Karu

Legal

Privacy Policy

Karu helps food businesses turn recipes, purchases, sales and other files into costs, margins and operational decisions. This policy explains what data we process and why.

15 July 2026

1. Data controller

The service operates under the Karu brand and is operated by Caipora Labs.

Address: Porto, Portugal. For privacy questions, contact admin@caiporalabs.com.

2. Data we process

We process account and authentication data such as email, user ID and information needed to keep a session.

When you use the application, we process the data you choose to upload or enter, such as recipes, products, ingredients, suppliers, prices, sales, costs, documents and business settings.

We may also process technical data such as IP address, browser, device, error events and usage, according to your cookie choices.

3. How we use data

We provide, secure and improve Karu; process documents and data into drafts; calculate costs and margins; show alerts and actions; manage accounts, teams, plans and payments; answer support requests; prevent abuse; and meet legal obligations.
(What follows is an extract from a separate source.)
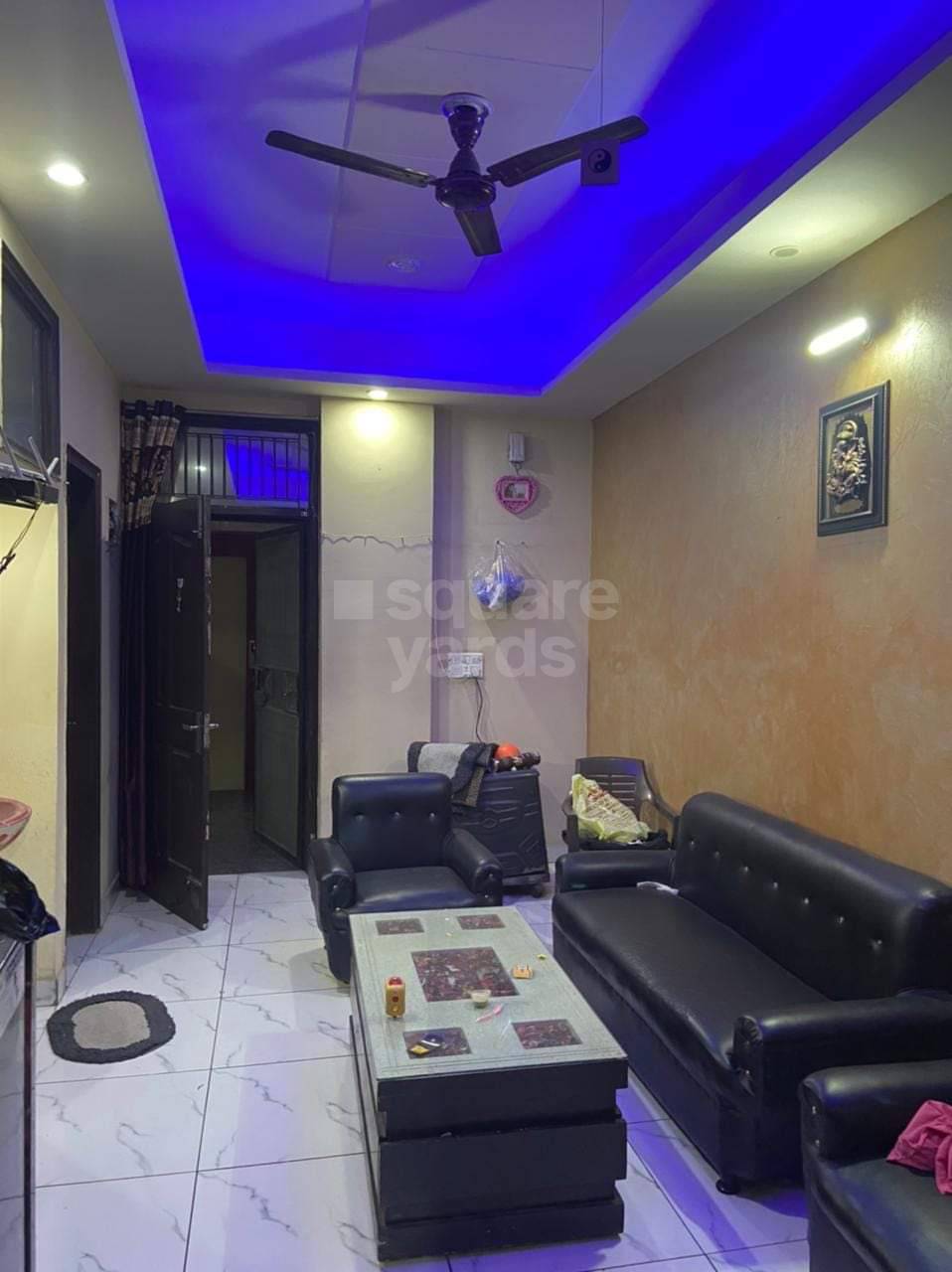 Rental 2.5 Bedroom 920 Sq.Ft. Independent House in Sector 55 Noida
AI proposes data and interpretations, while Karu keeps official data behind human review and approval.

4. Legal bases and sharing

We process data when needed to provide the service and perform the contract, meet legal obligations, protect the service and pursue proportionate legitimate interests. We ask for consent where required, including for optional measurement.

We share data only with necessary providers, including Clerk for authentication, Supabase for storage and database, Railway for hosting, Sentry for errors, PostHog and Vercel Analytics for authorised measurement, OpenRouter for AI features where applicable, Lemon Squeezy for payments and Resend for email.

5. Retention and security

We keep data while the account and service relationship require it, or for periods required by law. Exact periods depend on the data type and will be refined in Karu's operational retention policy.
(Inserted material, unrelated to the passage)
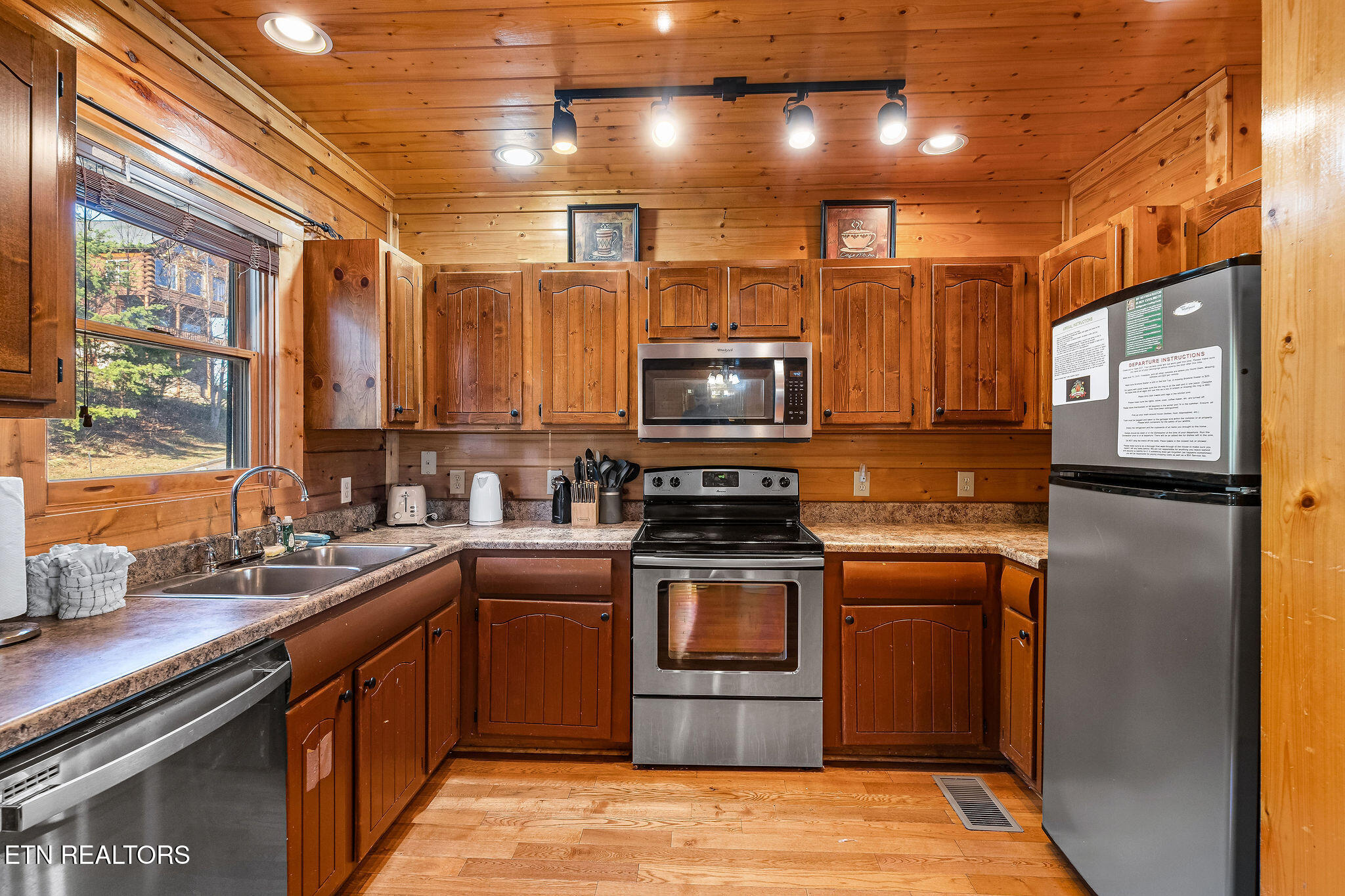 3014 Hickory Lodge Drive Property Photo 11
Business owners can download a workspace data export and permanently delete a business from Settings. Archiving is also available as a non-destructive option.

We apply access controls, business-level separation, encryption in transit and proportionate security measures. No online service can guarantee absolute security.

6. Your rights

Depending on the situation, you may request access, correction, deletion, restriction, portability or objection, and withdraw consent. You may also complain to your local data protection authority.

You can export or permanently delete your business workspace from Settings, or contact us through the Contact page. We may reasonably verify your identity.

7. Changes

We may update this policy when the service, providers or legal obligations change. The update date appears at the top of this page. Material changes will be communicated through appropriate channels.